## [Prompt]
For the material below, reproduce exactly each line from the one that has "Tilliah Steel Outdoor Lounge Chair, Gray" through the one that has "Recién Nacido niñas", and no others; pictures stay out.

## [Study material]
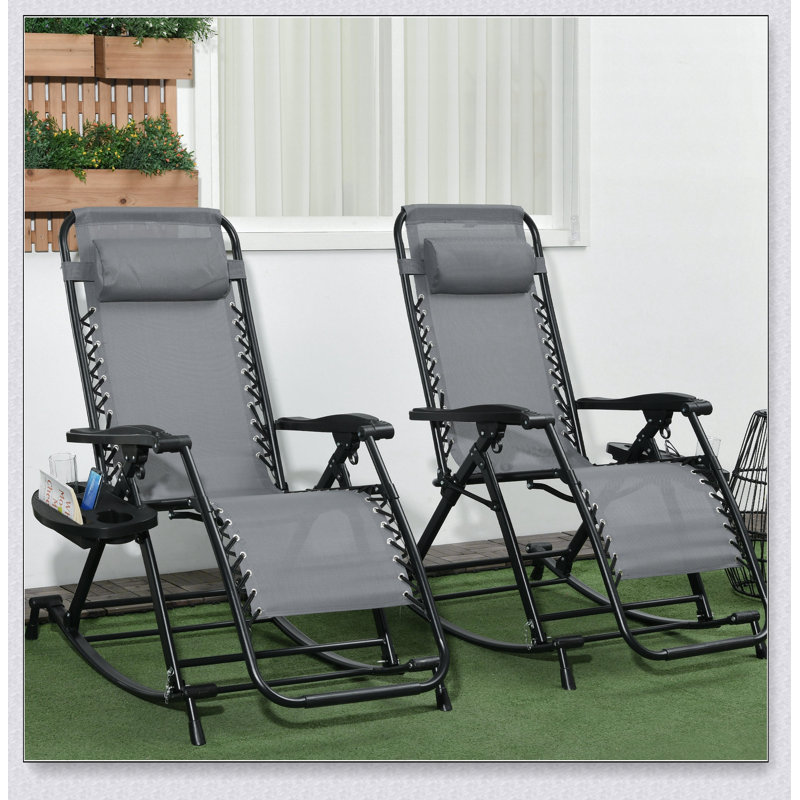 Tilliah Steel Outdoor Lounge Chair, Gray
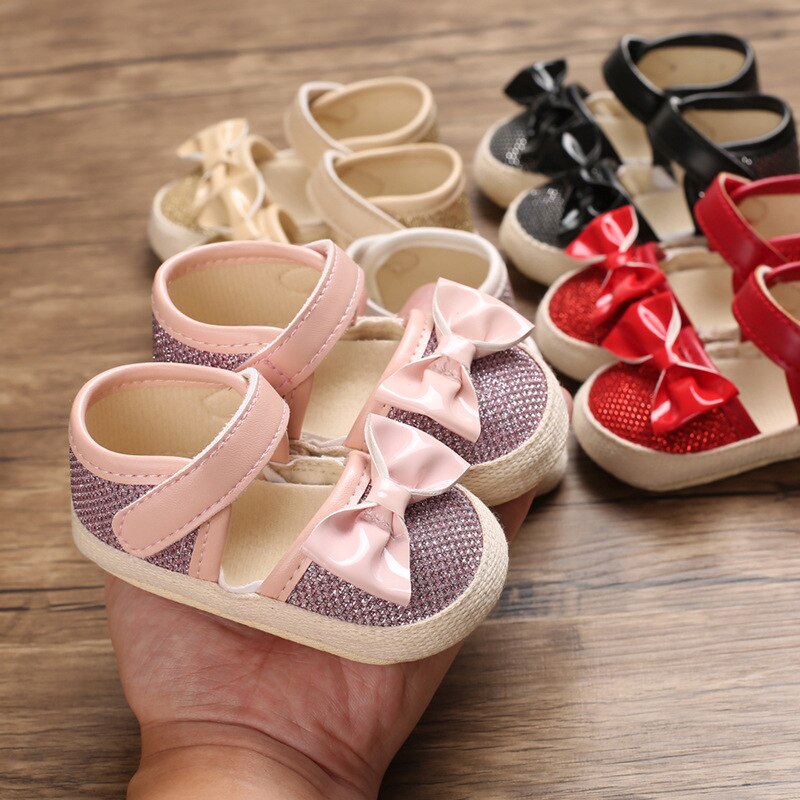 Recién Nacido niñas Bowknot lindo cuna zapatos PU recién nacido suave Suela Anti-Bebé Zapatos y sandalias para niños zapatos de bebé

==

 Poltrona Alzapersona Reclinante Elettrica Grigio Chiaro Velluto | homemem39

* * *

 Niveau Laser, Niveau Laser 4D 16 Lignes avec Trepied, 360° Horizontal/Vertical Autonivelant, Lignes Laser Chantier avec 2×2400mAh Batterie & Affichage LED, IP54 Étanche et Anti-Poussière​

## [Response to the exercise]
 Tilliah Steel Outdoor Lounge Chair, Gray
 Recién Nacido niñas Bowknot lindo cuna zapatos PU recién nacido suave Suela Anti-Bebé Zapatos y sandalias para niños zapatos de bebé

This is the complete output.